Scan the material that follows. Copy every line containing the word "Accessories".

[DATA FOR REVIEW — start]

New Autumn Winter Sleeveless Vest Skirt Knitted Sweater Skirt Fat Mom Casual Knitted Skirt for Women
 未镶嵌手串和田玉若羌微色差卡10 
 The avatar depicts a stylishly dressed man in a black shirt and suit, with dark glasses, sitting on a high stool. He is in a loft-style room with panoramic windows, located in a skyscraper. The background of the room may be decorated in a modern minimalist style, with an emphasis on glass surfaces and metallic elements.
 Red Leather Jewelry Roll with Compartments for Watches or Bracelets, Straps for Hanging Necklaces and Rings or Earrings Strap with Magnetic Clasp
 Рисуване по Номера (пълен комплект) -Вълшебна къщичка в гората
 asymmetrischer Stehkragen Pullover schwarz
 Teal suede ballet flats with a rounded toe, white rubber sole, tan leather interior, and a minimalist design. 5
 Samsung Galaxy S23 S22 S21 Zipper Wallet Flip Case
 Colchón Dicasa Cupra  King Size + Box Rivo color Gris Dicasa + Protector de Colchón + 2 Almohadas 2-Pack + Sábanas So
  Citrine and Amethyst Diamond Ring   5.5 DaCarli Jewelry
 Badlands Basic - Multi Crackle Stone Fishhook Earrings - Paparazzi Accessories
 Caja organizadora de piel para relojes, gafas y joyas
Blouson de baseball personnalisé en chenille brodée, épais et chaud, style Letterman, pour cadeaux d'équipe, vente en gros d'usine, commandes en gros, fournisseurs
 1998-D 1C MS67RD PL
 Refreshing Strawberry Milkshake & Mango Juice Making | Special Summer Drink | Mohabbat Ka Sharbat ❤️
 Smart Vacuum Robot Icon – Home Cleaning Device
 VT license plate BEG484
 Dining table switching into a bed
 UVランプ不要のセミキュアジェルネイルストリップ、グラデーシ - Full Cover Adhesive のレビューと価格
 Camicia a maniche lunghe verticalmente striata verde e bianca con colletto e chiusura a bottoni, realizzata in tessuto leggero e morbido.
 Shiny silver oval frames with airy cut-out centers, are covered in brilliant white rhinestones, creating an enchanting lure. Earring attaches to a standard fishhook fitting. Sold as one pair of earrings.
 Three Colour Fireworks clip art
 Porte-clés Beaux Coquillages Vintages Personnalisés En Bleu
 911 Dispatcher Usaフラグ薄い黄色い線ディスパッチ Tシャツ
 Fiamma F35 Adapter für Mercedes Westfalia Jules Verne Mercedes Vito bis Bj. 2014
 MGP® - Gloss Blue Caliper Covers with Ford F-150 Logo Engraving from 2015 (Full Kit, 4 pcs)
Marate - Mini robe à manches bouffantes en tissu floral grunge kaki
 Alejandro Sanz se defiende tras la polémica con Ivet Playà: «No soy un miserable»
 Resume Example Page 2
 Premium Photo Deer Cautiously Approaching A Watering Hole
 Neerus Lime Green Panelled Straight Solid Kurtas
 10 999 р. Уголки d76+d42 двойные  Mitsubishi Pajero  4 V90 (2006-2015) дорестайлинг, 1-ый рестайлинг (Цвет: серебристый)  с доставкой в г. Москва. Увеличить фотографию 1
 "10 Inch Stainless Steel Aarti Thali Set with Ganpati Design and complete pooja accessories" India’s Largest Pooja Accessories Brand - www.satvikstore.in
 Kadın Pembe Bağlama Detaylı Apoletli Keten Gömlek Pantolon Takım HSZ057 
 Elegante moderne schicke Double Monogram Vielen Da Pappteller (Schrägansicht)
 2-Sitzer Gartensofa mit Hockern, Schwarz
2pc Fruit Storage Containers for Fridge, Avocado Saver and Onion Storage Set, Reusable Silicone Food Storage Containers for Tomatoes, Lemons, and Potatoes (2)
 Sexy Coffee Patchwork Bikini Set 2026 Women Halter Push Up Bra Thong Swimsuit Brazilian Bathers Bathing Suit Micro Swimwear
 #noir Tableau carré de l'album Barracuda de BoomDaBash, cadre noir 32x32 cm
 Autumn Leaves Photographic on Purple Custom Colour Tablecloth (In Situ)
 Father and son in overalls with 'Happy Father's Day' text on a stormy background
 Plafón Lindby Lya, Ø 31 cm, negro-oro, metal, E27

[DATA FOR REVIEW — finish]

◆ **EXERCISE SOLUTION**
 Badlands Basic - Multi Crackle Stone Fishhook Earrings - Paparazzi Accessories
 "10 Inch Stainless Steel Aarti Thali Set with Ganpati Design and complete pooja accessories" India’s Largest Pooja Accessories Brand - www.satvikstore.in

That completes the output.